The sketch may have been relatively enlightened for the time, but the knowing wink with which it ends is an embarrassingly hoary old payoff.
Granted, the sketches are coming thick and fast by now and if you don’t like one it’s not long to wait for the next. That’s All (1959) a duologue featuring two gossipy women presages Les Dawson and Roy Baraclough’s sketches in drag. Here a bewigged Allen and Lee Evans play Mrs A and B. It would have been tediously has-been were it not for the decision to add a third silent woman (Tom Edden) which allows Evans to riff with a series of increasingly wary double-takes at Edden’s deadpan woman in the way that only Evans can.
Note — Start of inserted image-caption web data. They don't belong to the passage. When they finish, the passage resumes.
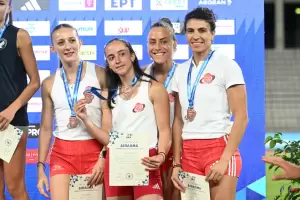 Χάλκινη η Στέλλα Τζικανούλα με τον Παμμηλιακό στη σκυταλοδρομία 4×400μ.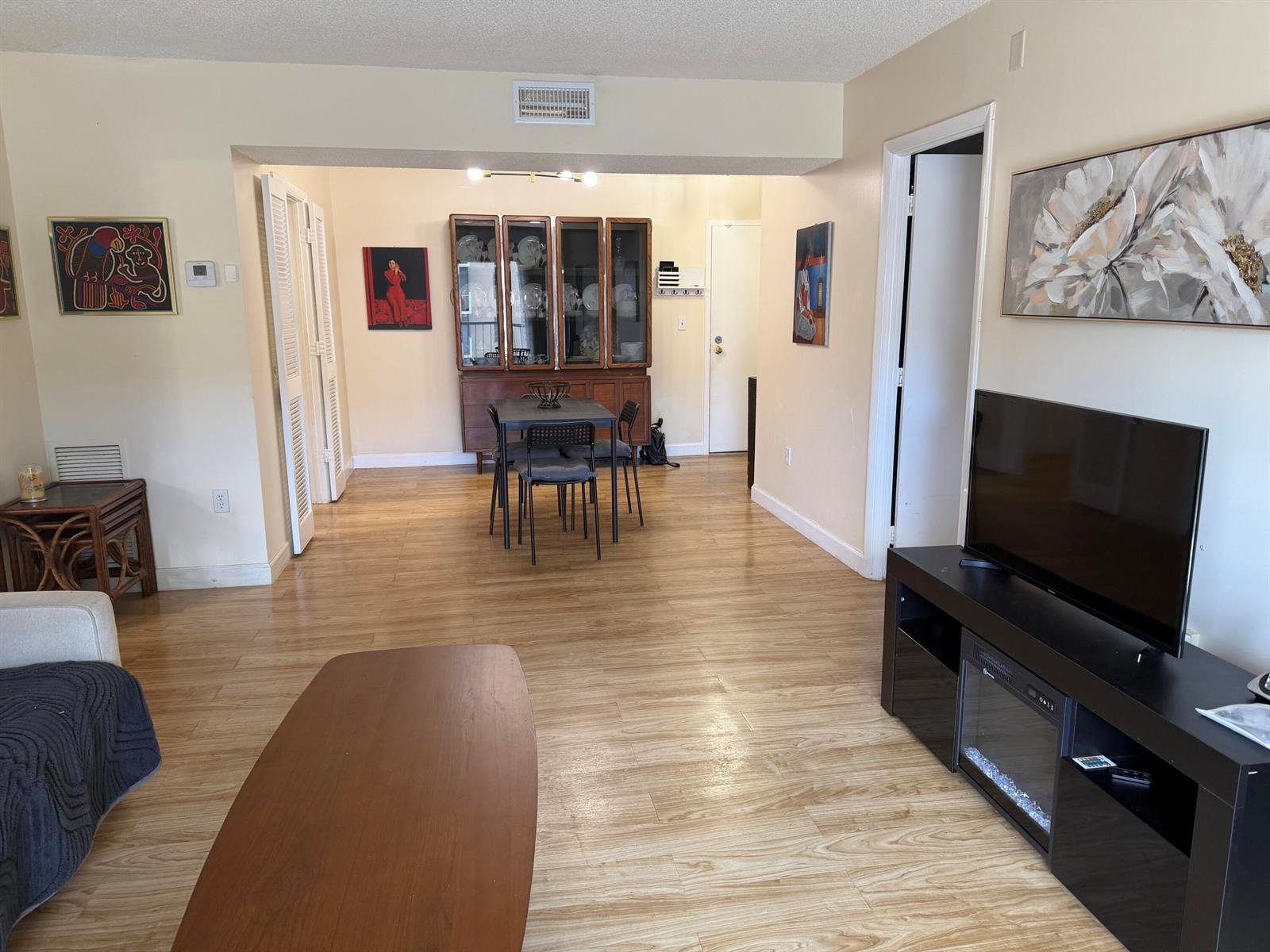 4154 Inverrary Drive, Lauderhill FL 33319 photo 4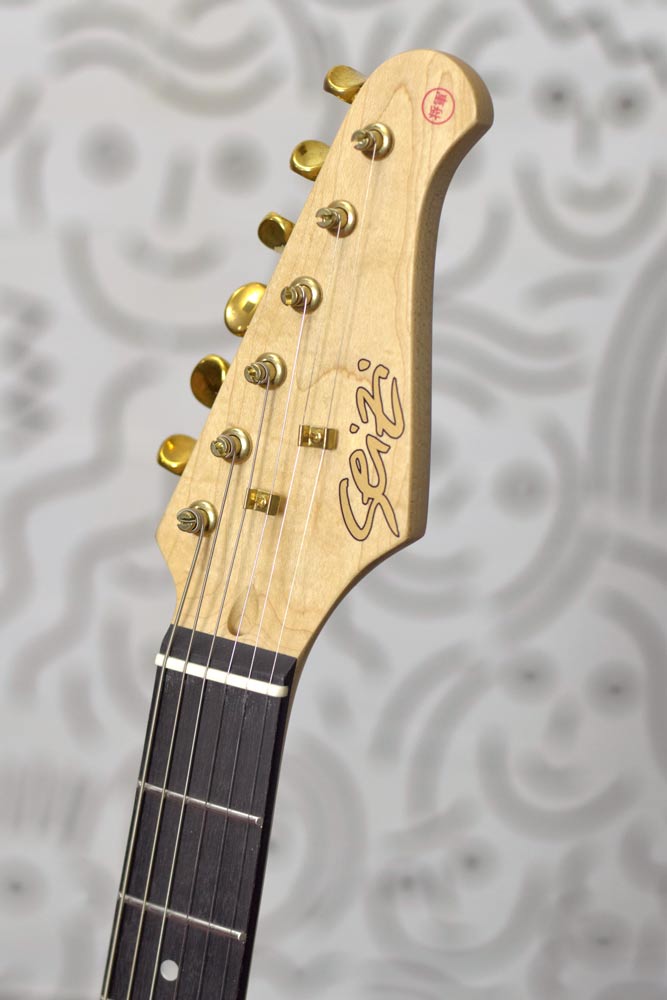 Guitarra Seizi Vintage Saitama Telecaster All Black Gold :: Groover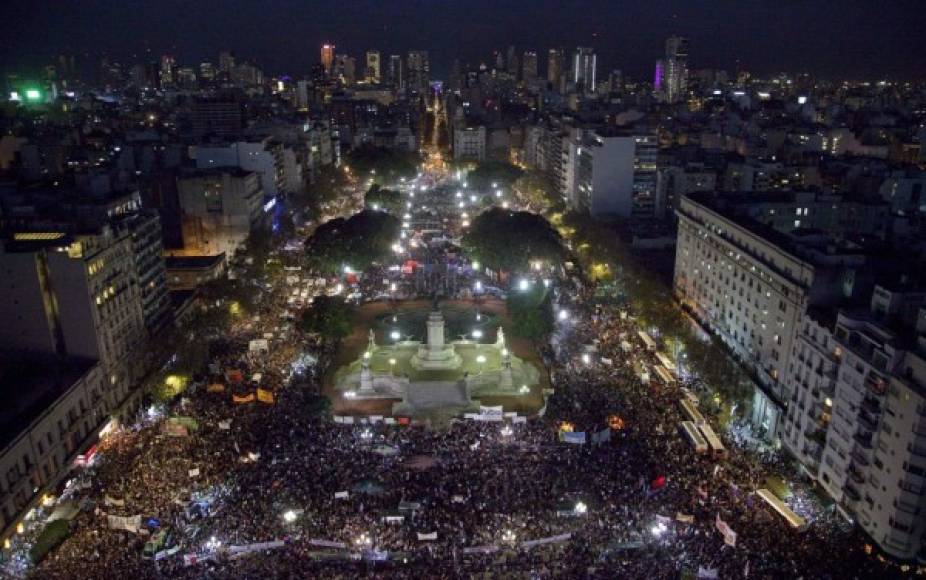 A las puertas de un Congreso iluminado en color morado, decenas de miles de personas se congregaron anoche en Argentina para gritar 'Ni una menos', reclamar que ya no haya más víctimas de violencia de género.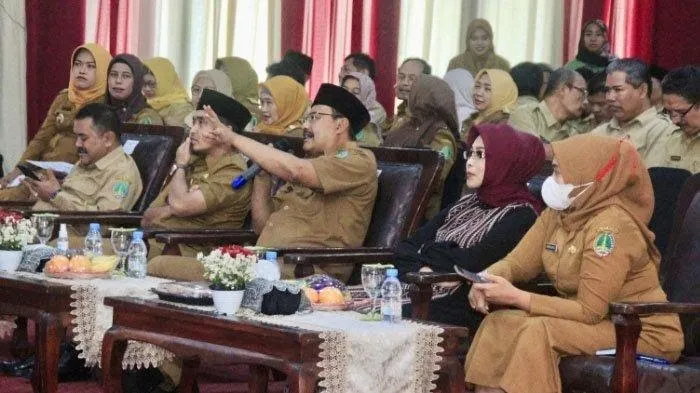 Pemkot Pasuruan Kenalkan Cerita Rakyat dengan Pawai Mobil Hias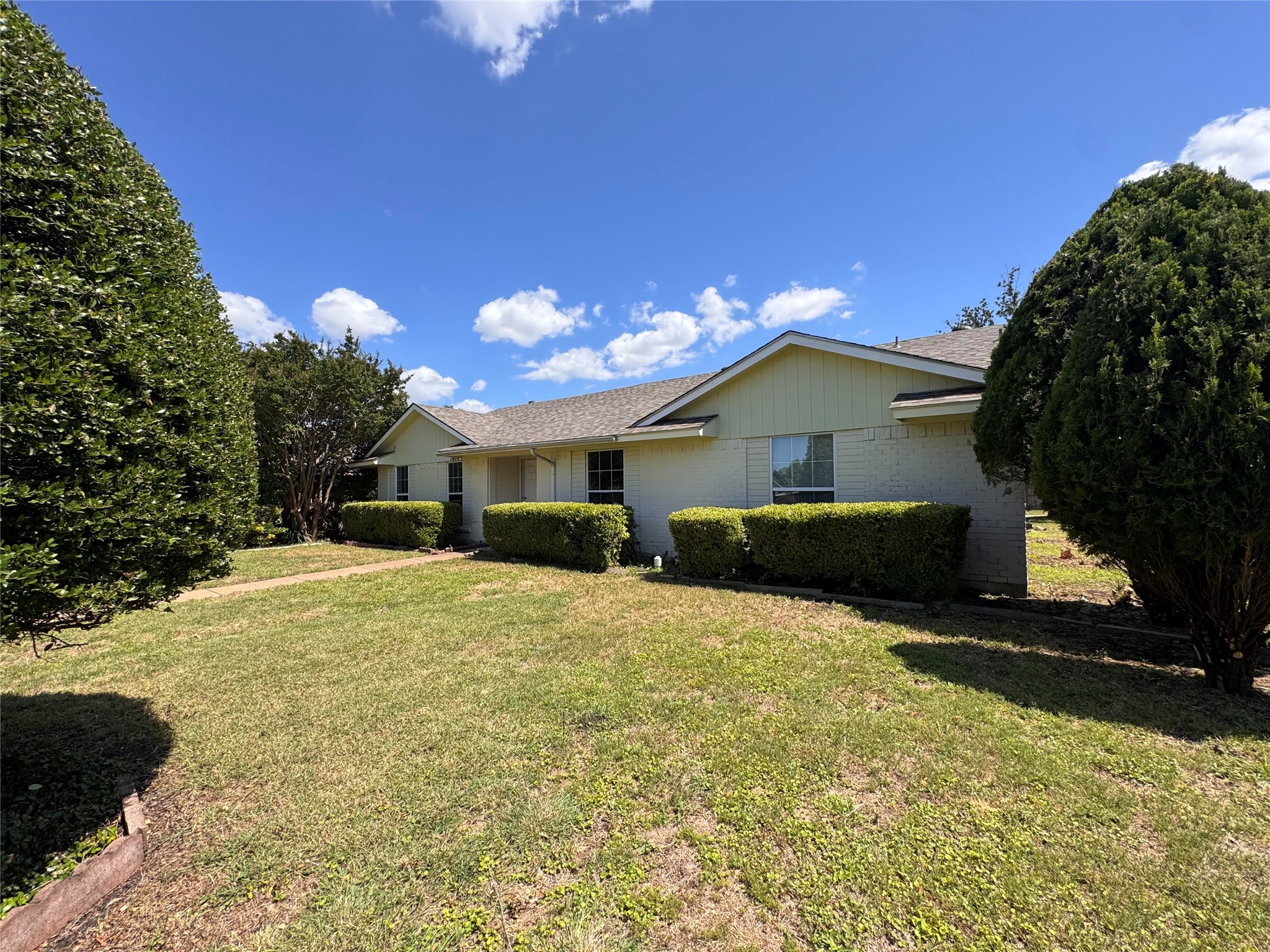 1804 Serenade Lane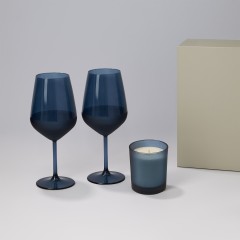 Подарочный набор свеча Enigma + 2 бокала для вина Sapphire в серой коробке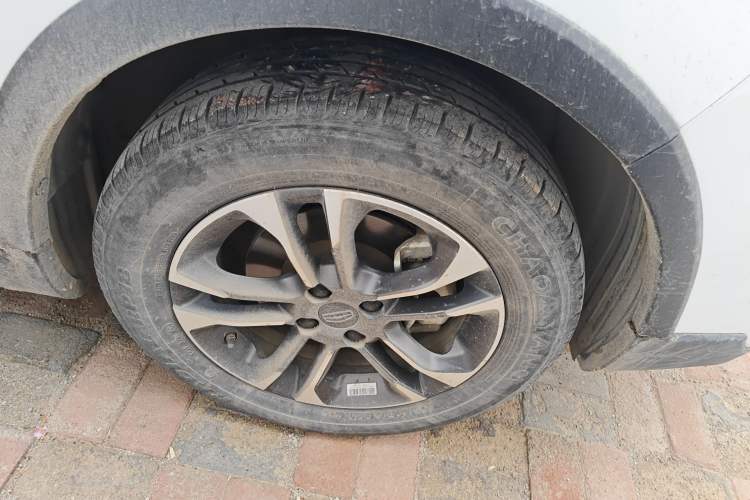 Used Geely Auto Vision X3 2019 Upgraded Model 1.5L CVT Elite Version Right Front Wheel Hub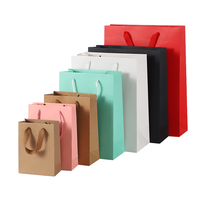 Sac cadeau de luxe avec poignée en ruban, Design personnalisé pour bijoux cosmétiques
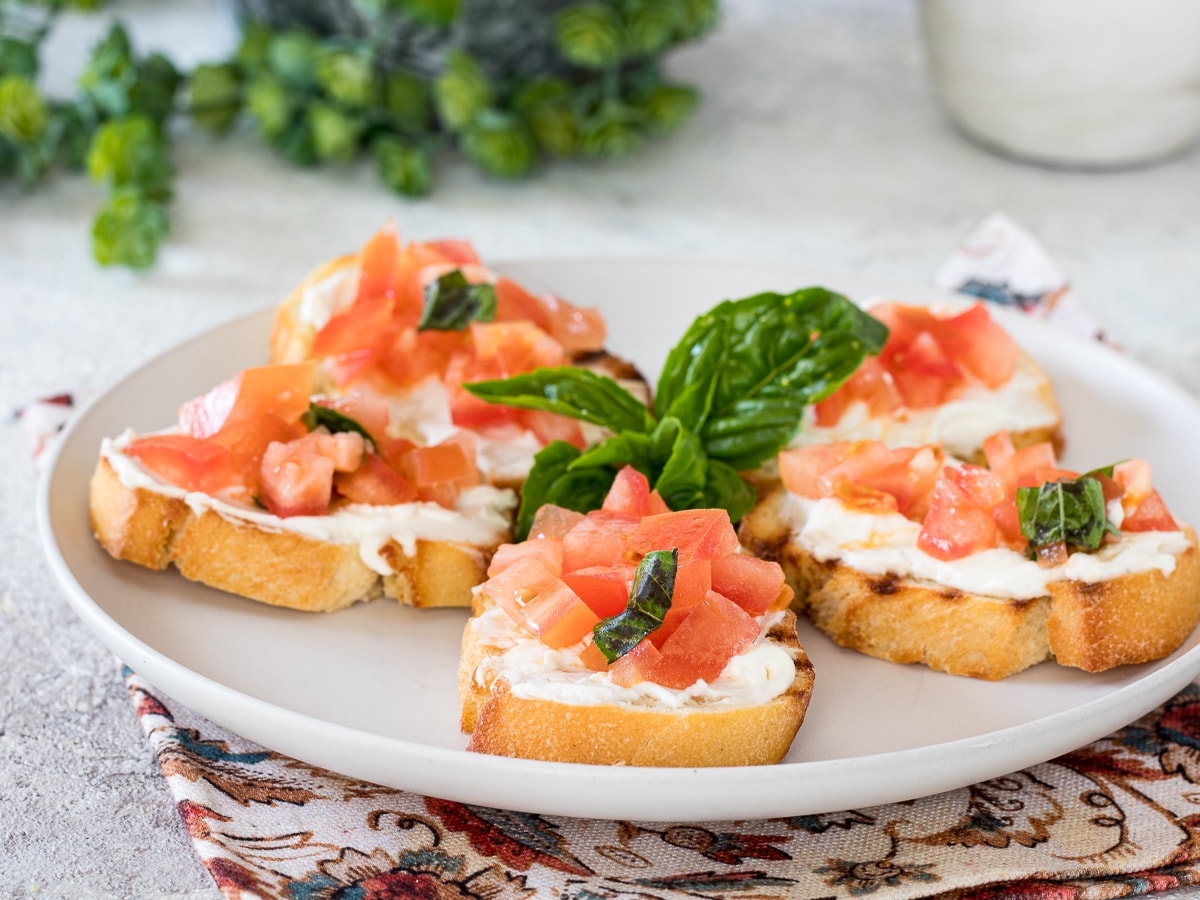 CROSTINI CON PHILADELPHIA Y TOMATITOS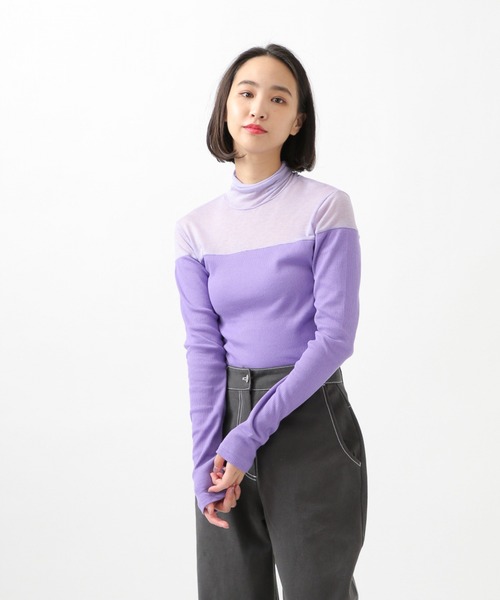 ROCKET x LUNCH（ロケットアンドランチ）の「ROCKET×LUNCH／シアー切り替えタートルネックＴ　2928998（Tシャツ/カットソー・レディース・ブラック/パープル・SMALL）」の2枚目の写真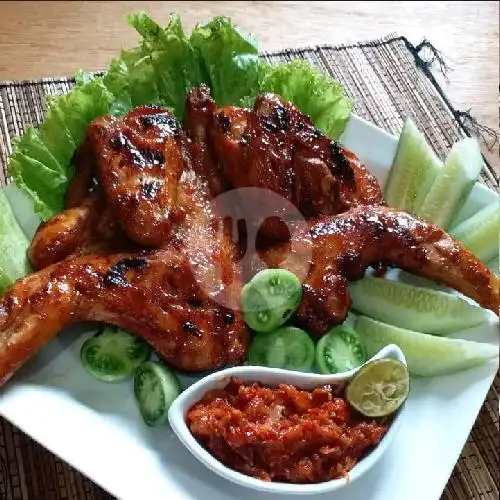 Gambar Makanan Ayam bakar yanti ( cabang koang ), Warung Gantung 3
The comedian — a much underused acting talent — provides the antidote to much of Pinter’s leaden irony here. In Trouble in the Works (1959) he plays a union steward much like Peter
Sellers’s in the film
I’m All Right Jack (also
1959). Meanwhile, in Monologue
(1973), Evans superbly conveys the involuntary solitude of a man who directs his conversation to a past friend at an empty chair. Collectively, some of these works reveal little-seen facets of the man whose best works are masterpieces. And granted, there is an undoubted value for Pinter aficionados here. For example, the misremembering middle-aged couple in Night (1969) reveals a surprisingly romantic side. But the case for reviving Night School (1979) about the homecoming of a small-time crook who is released from prison and finds that his mum and aunt (Brid Brennan and Janie Dee) have rented his room out to a young woman, is hardly convincing. And even the unrelentingly bleak A Kind of Alaska in which Greig plays a woman whose mind has been buried alive in a coma — a piece that was inspired by Oliver Sacks’s book Awakenings — is unremittingly bleak. It’s as if the cult of admiration that has grown around Pinter is incapable of being discerning about his work. Though written in his late middle-age, much of the political stuff revived in the first two sections of the season amounts to little more than adolescent agitprop. The sense is that if Pinter had written the weather forecast it would have got an airing here.